Università siciliana in declino. “In atto il più grande disinvestimento della storia”

PALERMO – Sarebbe in atto “il più grande disinvestimento nella storia della formazione superiore”.

Secondo l’ultimo rapporto della Fondazione Res, istituto di ricerca su economia e società in Sicilia (presieduto dall’ex ministro per la Coesione territoriale nel governo Letta Carlo Trigilia), negli ultimi sette anni “l’università italiana si è ridotta del 20%”.

L’indagine condotta dall’economista dell’Università di Bari Gianfranco Viesti, dal titolo “Università in declino”, e che sarà presentata giovedì a Catania, evidenzia alcuni numeri allarmanti: negli atenei sono spariti studenti, docenti, corsi di studio; il finanziamento pubblico è stato tagliato di 1,1 miliardi da Berlusconi-Gelmini-Tremonti che non sono stati mai più rifinanziati.

Nei primi sette anni della crisi, inoltre, l’Italia ha investito meno di 7 miliardi nella sua università, mentre la Germania 26. L’Italia ha tagliato gli investimenti del 22%, la Germania li ha aumentati del 23%. Se è vero che il declino dell’università è una questione nazionale, una serie di fenomeni preoccupanti si concentrano maggiormente al Sud, dove si acuiscono le differenze rispetto al Nord del paese.



Si tratta, secondo Trigilia e Viesti, di un “nuovo divario”, perché, a differenza di altri fenomeni economici e sociali, esso prende forma soprattutto a partire dagli anni settanta, con il passaggio dall’università d’elite a quella di massa.

I risultati di questa tendenza sono allarmanti: gli studenti immatricolati si sono ridotti di oltre 66 mila (-20%); i docenti sono scesi a meno di 52 mila (-17%); il personale tecnico amministrativo a 59 mila (-18%).

La metà del calo delle immatricolazioni è al sud. Il 30% degli immatricolati meridionali si iscrivono al Centro Nord.

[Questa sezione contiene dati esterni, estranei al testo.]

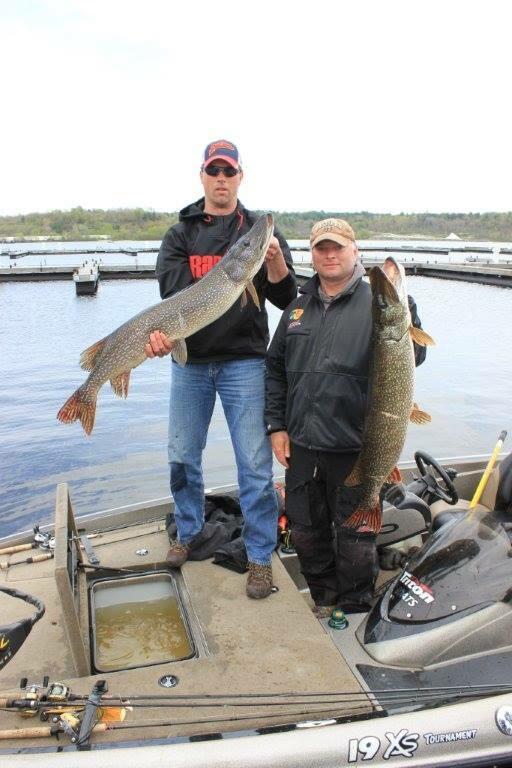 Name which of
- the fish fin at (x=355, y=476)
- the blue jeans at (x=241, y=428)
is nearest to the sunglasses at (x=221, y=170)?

In Sicilia ormai quasi un terzo emigra, a fronte di meno di un sesto nel 2003-2004. Ne scaturisce l’immagine di un’università in declino, con un peso e un ruolo fortemente ridimensionati rispetto a quanto accade nel resto dei Paesi avanzati, dove il tema dell’istruzione e della formazione di capitale umano qualificato “è sempre più riconosciuto come fattore cruciale per uno sviluppo economico solido e capace di coesione sociale”.